• REQUIREMENT: Nothing but the lines from the one that contains "沃爾華集團(tuán)10臺挖掘機順利出口秘魯" through the end of the data should be reproduced, and each must match exactly.

[RECORDS TO USE Boundary: Start]

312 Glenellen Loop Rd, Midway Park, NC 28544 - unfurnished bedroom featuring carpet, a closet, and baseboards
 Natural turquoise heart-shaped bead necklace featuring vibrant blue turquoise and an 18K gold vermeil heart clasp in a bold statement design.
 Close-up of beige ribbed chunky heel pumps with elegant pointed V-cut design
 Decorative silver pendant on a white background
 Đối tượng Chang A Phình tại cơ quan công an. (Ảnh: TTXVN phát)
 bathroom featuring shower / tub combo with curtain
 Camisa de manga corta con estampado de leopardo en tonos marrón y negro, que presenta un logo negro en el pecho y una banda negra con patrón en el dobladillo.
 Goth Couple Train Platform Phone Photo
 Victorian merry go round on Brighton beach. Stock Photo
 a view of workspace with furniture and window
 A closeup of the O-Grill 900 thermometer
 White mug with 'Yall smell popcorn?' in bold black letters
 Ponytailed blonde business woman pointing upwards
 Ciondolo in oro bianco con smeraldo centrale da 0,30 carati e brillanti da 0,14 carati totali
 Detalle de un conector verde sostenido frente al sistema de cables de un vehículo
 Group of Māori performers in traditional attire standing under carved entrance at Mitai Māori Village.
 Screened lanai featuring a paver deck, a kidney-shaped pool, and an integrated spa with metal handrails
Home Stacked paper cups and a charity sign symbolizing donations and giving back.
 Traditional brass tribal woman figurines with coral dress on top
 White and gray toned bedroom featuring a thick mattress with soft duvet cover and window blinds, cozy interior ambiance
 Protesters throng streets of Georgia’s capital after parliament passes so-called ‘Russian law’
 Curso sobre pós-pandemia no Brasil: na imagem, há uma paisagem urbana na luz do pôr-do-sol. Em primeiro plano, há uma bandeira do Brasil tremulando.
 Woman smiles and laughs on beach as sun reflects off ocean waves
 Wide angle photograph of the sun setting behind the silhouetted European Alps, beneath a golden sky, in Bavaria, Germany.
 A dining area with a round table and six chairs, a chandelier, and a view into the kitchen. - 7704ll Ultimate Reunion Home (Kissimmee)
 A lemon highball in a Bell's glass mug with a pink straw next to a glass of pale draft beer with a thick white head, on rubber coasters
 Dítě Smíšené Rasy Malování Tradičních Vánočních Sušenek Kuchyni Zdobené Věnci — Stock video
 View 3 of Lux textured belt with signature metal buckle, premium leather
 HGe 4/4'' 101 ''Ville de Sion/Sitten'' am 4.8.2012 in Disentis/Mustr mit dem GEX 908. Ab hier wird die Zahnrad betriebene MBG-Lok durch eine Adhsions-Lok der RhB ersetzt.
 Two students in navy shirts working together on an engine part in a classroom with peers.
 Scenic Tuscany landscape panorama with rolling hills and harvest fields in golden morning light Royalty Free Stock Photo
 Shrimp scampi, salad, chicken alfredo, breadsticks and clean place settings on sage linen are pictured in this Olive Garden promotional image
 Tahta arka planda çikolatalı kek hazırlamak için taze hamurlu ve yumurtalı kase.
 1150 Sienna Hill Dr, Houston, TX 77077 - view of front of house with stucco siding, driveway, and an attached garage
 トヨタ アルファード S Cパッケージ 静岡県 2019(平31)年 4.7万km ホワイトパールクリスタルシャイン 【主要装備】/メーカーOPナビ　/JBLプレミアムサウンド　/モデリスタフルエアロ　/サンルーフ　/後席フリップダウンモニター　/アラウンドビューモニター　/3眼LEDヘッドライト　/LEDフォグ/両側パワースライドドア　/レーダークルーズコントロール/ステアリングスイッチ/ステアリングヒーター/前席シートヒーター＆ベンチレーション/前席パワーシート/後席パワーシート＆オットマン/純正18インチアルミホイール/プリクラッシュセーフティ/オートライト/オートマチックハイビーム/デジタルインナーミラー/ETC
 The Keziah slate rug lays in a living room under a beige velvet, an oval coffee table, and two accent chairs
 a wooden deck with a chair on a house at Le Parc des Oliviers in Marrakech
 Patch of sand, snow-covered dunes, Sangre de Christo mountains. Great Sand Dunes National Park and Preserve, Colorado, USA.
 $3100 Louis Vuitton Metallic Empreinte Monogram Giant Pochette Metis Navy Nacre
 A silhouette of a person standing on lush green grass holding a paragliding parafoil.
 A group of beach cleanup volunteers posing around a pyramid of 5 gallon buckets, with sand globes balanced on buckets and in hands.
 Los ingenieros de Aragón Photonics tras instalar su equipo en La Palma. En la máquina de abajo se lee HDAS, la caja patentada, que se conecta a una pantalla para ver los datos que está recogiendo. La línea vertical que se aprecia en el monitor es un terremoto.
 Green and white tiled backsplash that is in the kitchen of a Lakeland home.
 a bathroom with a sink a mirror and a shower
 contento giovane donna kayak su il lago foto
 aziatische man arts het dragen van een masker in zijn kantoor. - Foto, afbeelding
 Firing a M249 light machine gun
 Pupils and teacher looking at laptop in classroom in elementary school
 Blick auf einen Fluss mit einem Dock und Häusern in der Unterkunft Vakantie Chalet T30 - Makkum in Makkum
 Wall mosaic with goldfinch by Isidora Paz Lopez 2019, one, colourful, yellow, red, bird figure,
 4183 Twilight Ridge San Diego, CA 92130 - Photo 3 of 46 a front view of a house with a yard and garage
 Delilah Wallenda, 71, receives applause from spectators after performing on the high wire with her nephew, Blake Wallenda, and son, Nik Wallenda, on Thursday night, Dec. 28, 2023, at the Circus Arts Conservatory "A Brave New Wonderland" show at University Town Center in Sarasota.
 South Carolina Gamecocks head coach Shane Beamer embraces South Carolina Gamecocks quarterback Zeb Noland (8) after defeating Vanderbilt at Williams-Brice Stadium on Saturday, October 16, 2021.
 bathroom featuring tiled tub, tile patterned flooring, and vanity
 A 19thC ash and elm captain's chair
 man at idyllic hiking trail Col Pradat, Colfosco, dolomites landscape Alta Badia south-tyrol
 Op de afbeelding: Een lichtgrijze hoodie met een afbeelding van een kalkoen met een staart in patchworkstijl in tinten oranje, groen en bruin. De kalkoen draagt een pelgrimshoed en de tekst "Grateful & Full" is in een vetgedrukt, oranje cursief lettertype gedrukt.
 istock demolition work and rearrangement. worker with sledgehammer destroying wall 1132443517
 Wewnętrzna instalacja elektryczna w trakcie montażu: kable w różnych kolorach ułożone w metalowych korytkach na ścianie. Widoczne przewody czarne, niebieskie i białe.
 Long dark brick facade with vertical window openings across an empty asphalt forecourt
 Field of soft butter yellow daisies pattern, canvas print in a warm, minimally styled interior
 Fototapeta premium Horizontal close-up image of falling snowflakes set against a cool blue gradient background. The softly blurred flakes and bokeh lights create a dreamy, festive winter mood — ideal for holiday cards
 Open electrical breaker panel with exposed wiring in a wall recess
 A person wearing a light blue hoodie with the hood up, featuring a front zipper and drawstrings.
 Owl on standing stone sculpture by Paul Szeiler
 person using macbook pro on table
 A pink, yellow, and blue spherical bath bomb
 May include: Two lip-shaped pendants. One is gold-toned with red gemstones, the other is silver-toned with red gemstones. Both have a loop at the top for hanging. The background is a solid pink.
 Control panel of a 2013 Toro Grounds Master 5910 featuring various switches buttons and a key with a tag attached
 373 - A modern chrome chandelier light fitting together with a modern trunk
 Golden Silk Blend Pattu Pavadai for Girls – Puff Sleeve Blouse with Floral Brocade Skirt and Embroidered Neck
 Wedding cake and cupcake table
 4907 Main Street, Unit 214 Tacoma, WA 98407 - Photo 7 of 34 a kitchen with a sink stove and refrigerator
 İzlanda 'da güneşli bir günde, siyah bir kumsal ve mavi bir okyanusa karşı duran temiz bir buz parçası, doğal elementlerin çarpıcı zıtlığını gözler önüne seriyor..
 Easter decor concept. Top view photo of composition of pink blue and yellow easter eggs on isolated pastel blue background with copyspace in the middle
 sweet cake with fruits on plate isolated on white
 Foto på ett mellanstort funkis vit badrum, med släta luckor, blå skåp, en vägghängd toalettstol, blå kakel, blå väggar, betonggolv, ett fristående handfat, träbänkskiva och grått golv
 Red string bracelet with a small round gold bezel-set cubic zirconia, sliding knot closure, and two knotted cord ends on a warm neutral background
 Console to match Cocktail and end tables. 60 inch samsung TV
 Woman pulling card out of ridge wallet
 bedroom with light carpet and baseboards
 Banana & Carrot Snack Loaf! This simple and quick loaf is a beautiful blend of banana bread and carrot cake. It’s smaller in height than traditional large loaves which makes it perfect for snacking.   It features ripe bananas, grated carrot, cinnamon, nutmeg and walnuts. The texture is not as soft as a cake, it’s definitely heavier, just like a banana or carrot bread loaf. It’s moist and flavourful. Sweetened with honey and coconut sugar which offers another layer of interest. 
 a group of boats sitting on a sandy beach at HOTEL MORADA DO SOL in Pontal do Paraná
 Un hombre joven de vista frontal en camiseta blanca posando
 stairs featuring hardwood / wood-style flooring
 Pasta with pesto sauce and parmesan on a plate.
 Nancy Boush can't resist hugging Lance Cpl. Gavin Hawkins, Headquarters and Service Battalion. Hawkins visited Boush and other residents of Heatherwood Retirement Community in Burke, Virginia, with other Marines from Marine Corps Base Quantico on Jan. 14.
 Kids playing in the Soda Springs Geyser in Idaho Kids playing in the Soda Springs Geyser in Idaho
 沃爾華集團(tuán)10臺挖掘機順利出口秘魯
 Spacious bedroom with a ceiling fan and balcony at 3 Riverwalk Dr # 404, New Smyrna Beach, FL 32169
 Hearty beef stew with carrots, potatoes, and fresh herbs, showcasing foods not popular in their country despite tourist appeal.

[RECORDS TO USE Boundary: End]

• RESPONSE TO THIS EXERCISE:
 沃爾華集團(tuán)10臺挖掘機順利出口秘魯
 Spacious bedroom with a ceiling fan and balcony at 3 Riverwalk Dr # 404, New Smyrna Beach, FL 32169
 Hearty beef stew with carrots, potatoes, and fresh herbs, showcasing foods not popular in their country despite tourist appeal.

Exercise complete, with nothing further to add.